UF/IFAS researchers find potential bugs to eat invasive cogongrass
Credit: Courtesy James Cuda, UF/IFAS
GAINESVILLE, Fla. — A few bugs may be able to chew up some cogongrass, a noxious weed that elbows out pasture grass, golf course greens and valuable ecosystems, a University of Florida Institute of Food and Agricultural Sciences researcher says.
A worldwide research team led by UF/IFAS entomology professor James Cuda and retired entomology professor Bill Overholt found species in Japan, East Africa and Indonesia that might help in the battle against cogongrass.
Among the arthropods they found, Cuda and his team discovered a midge from Indonesia that attacks cogongrass. Cuda and his team are focusing on the Orseolia javanica midge that causes cogongrass to produce linear galls at the expense of leaves. However, when scientists brought the arthropods back to the quarantine facility at the UF/IFAS Indian River Research and Education Center in Fort Pierce, Florida, they did not mate and increase in population.

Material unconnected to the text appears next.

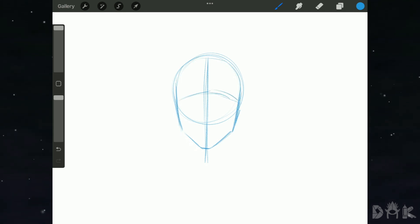Welcome to Dark Creation. In today's video we're going to be drawing Power from Chainsaw Man. Let's get into it. We start off with the circle, and Power will be looking at us from the front view, so we can start dropping in the ears.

So, scientists must conduct more research to determine how to rear the midge in the laboratory in order to evaluate its host specificity and impact on cogongrass, a rather ubiquitous weed in Florida and the southeastern U.S., said Cuda, a biological weed control specialist with UF/IFAS.
“This invasive grass infests cattle pastures, golf courses, lawns and also thrives in poor soil conditions such as ditch banks, roadside and railroad rights-of-way as well as reclaimed phosphate mining areas,” he said, adding that it grows quickly and alters the ecology of habitats it invades.
Cogongrass, introduced in the U.S. in the early 1900s as packing material and as livestock forage grass, causes the most expensive losses in pine plantations, where it outcompetes native ground cover and increases the frequency and intensity of fires, Cuda said. It also displaces native vegetation in sand hill communities in Florida.
Currently, cogongrass control is accomplished with mowing and herbicides, which can be costly and are not always effective. Cuda cited a 2009 report that showed the state of Alabama spent $6.3 million of federal stimulus funds exclusively for chemical control of the weed.
“Biological control using natural enemies from the native range of cogongrass has received little attention, and no biological control agents have been introduced anywhere in the world,” Cuda said. “That’s why we are investigating biocontrol agents for cogongrass. Biological control is more sustainable and can be integrated with conventional controls.”
The latest research on biological control of cogongrass appears in the journal Florida Entomologist.